Pour venger son confrère Pedro de Arbués, assassiné en pleine cathédrale de Saragosse en 1485, le Grand Inquisiteur Tomas de Torquemada organise un gigantesque autodafé où sont brûlés des centaines d’hérétiques. Sous son impulsion, l’Inquisition espagnole est en train d’acquérir une puissance sans précédent. Pourtant, à sa grande fureur, des placards subversifs à l’effigie d’une rose se mettent à apparaître sur les murs de la ville. Un homme s’y intéresse de près : Angel de la Cruz, indicateur motivé par l’appât du gain, mais aussi artiste à ses heures. Il va
bientôt croiser la route de Léa, fille d’un noble converti, au caractère bien trempé, elle aussi très versée dans les livres et les gravures. Tous deux vont se défier, pour finir par tenter de sauver leur liberté et celle de leur art.
Avec pour toile de fond la rumeur sanglante des persécutions religieuses du 15ème siècle espagnol, cette histoire dessine un joli motif poétique autour de deux personnages engagés dans la préservation de ce qu’ils ont de plus cher : l’art, fenêtre sur l’âme humaine, et ici, vecteur de liberté, symbolisée par cette rose épineuse, fragile et irréductible, d’une beauté d’autant plus délicate qu’elle fleurit dans le décor brutal d’un obscurantisme aveugle et meurtrier.
De Pedro Gracia de Benavarre et Bartolomé Bermejo jusqu’à Botticelli, en passant par les ateliers des graveurs et le nouveau pouvoir qu’ils donnent aux images en les reproduisant et en les diffusant, ce récit admirablement construit entrelace savamment les allégories pour nous livrer une histoire d’une grande beauté, aux messages intemporels : un hommage à la liberté de penser et de créer, à la puissance de l’art capable de parler sans mots, si bien comprise par les despotes de tout poil qu’ils ont toujours tenté de la contrôler et de la réprimer. Coup de coeur.

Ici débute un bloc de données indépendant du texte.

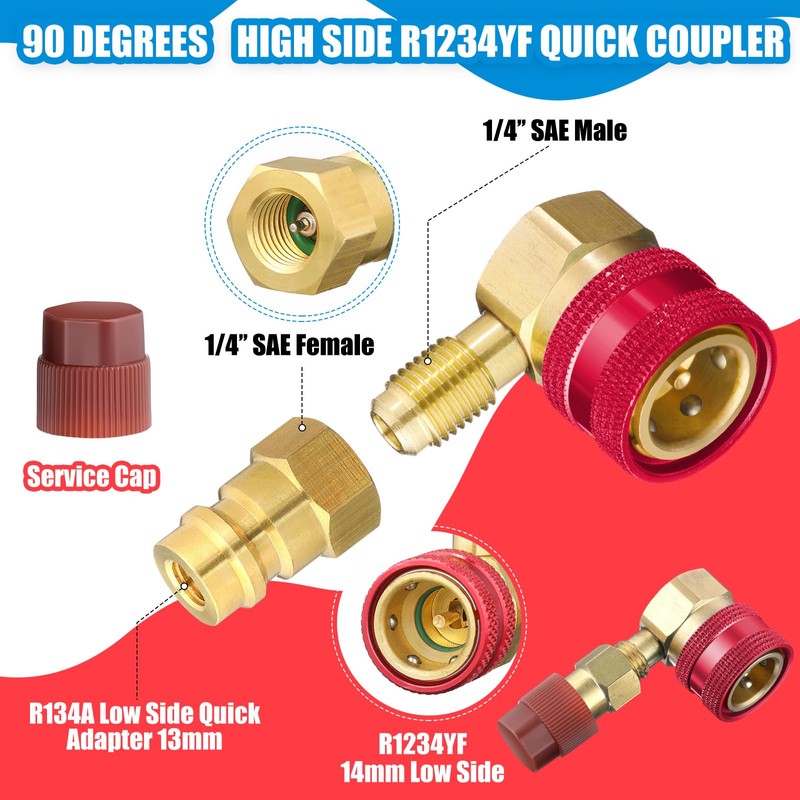 Tandefio R1234yf Adapter R1234yf to R134a Quick Coupler High Low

Le dessin, ennemi des persécuteurs
Un roman qui reste gravé en mémoire longtemps. Tout y est ciselé, l’écriture, les personnages, l’intrigue. On tremble sous la violence et l'inhumanité du Grand Inquisiteur de Saragosse. On est ébloui par l’art de la gravure et la précision du trait des dessins au fusain. Un art que l’Inquisition fustige et accuse d’être maléfique. Qui donc ose instruire les illettrés en placardant la nuit des caricatures du Grand Inquisiteur sur les murs de Saragosse, comme autant de messages pour les alerter de ses folies meurtrières ? Deux héros vont se combattre, Angel de la Cruz, lugubre détective et Léa de Montesa, lumineuse noble juive, prenant tous les risques pour la liberté d’expression. Un livre-pépite à offrir sans modération.